The “walk rate” defines consumer preferences for products and helps the understanding of when shoppers would leave the category based on the product they want not being available, with no likely substitute for it.

The solution is to have a keen sense for what causes consumers to switch. This involves a tool to understand with accuracy the volume flows that result from adding or deleting brands or products at the lowest level of the structure.

Myth 3: Optimize the Total Category
Rather than attempting to optimize the entire category as one big aggregate of products, marketers need to understand each segment and the role of that segment, and then optimize the segments based on their potential to enhance the category.

You need to look at the size of the segments, the number of items that are represented in each segment, and whether they are being leveraged appropriately in terms of the productivity that they bring to a category. There may be certain segments like children's cereals where there are always new products coming in and lots of innovation. But you can sometimes have too many items, and they lose productivity.

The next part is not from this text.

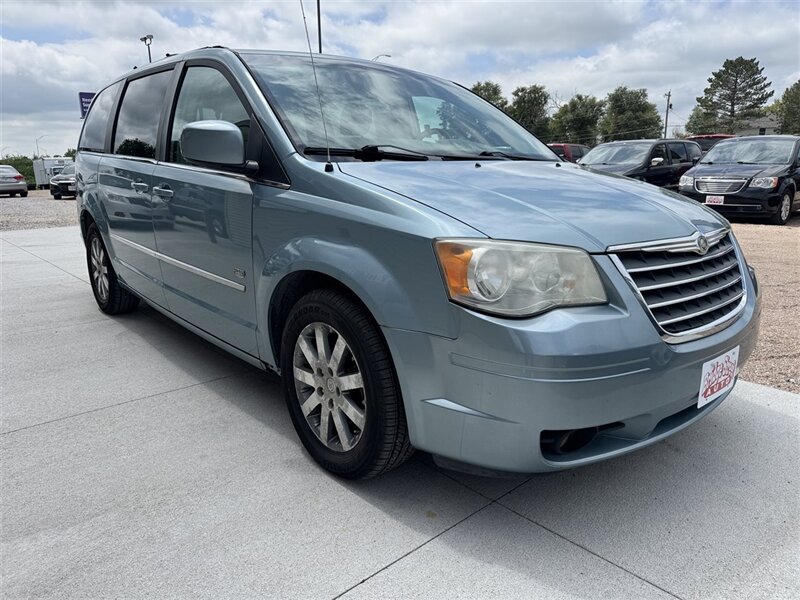 2009 Chrysler Town & Country Touring - Photo 2 - Lexington, NE 68850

The solution is to go back on a routine basis and reexamine each of the segments within the category to make sure you are maximizing productivity. Some of them may be underleveraged, where they have a lot of very productive SKUs, and there is room to add some additional items that will boost the segment’s potential.

There are assortment tools to help define product and segment productivity. You want to get the categories optimized to the level where you’ve got the most productive SKUs driving consumer needs within each segment relative to their importance to the overall category.

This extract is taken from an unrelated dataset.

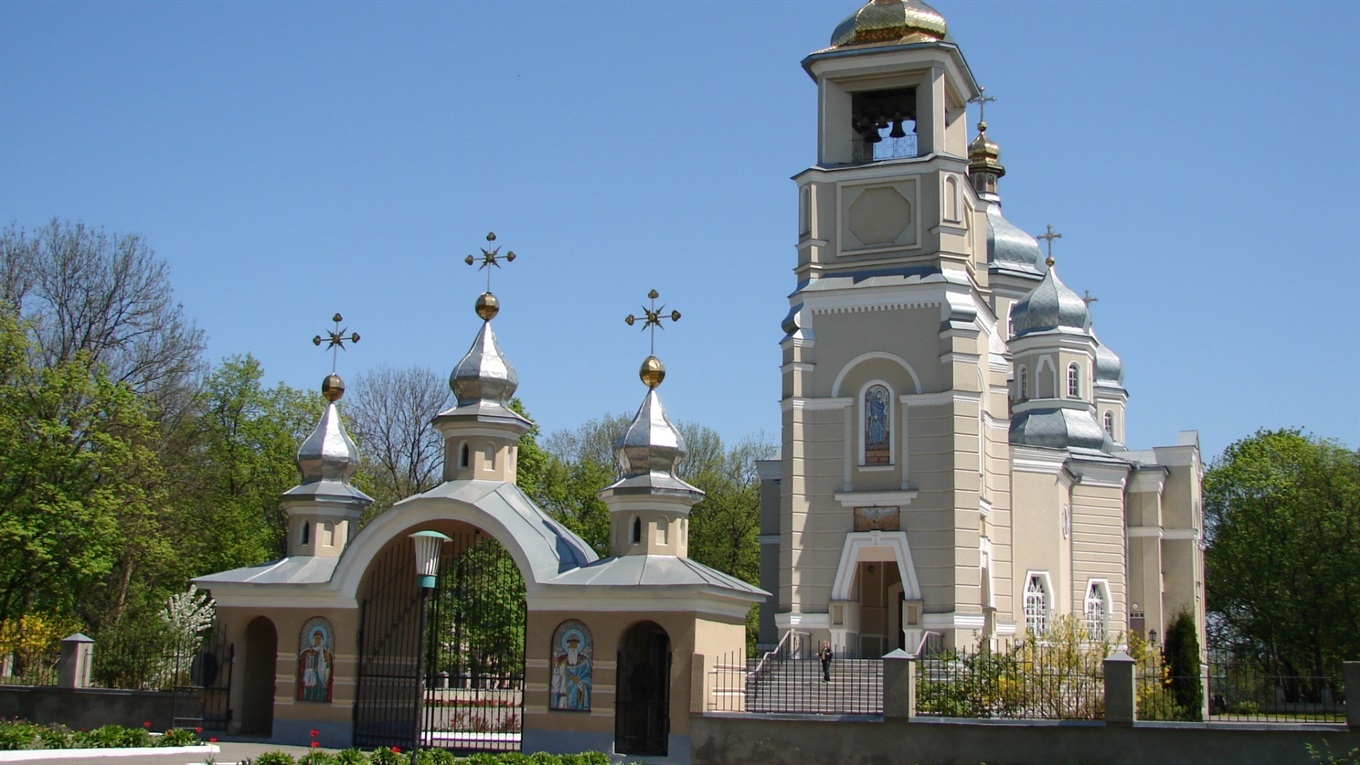 Пазли City: дізнайся як виглядав Гадяцький Свято-Успенский собор у ХХ столітті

Myth 4: Private Label Doesn’t Require the Same Rigor of Analysis
To be true to the assortment process, private label products need to stand the same test of the value they bring to each of the segments - and to the total category - to make sure that they are productive in the mix of products, and relevant to consumer needs.

A lot of times, we see that retailers want to hold their private label products off to the side in optimization, but that only denigrates the category productivity. To do quality assortment analysis, you need to look at the products in totality because private label plays a role, and national brands play a role, and you want to make sure that you are getting the most productive balance.

One example of a category with many new private label products is analgesics where you have lots of new forms and sizes of brands coming to the market, and then the private label versions follow very soon after. Because of the newness of some of these products, people may not be fast adopters of the private label alternative, so those products may not do as well. You need to focus on products with a large consumer base, a large consumer draw, and a clear role for a private label alternative. Some of the niche brands just don’t fill the role as well.

Myth 5: Power SKUs are Easy to Get Right
It is easy to pick the fastest moving SKUs, but they are not always the most productive SKUs relative to the incremental value they bring to the category. To determine a power SKU, it is important to look at volume, growth, loyalty, and profitability. Those are the key drivers of the top SKUs. You can then get tools that will score which are the most productive SKUs or the power SKUs  in the category, so that you can make the right decision on shelf, and optimize the space available.

Shelves often get cluttered with non-value-added items and they choke the space intended for the power SKUs. The result? You are out of stock on the power SKUs, and there is too much inventory of the slower moving SKUs. In the ice cream category, for example, when you are out of stock on vanilla, you are out of stock on ice cream. It’s the driver of the category. You need to make sure that you have good representation of the power SKUs, and understand what the true power SKUs are, based on velocity and incrementality.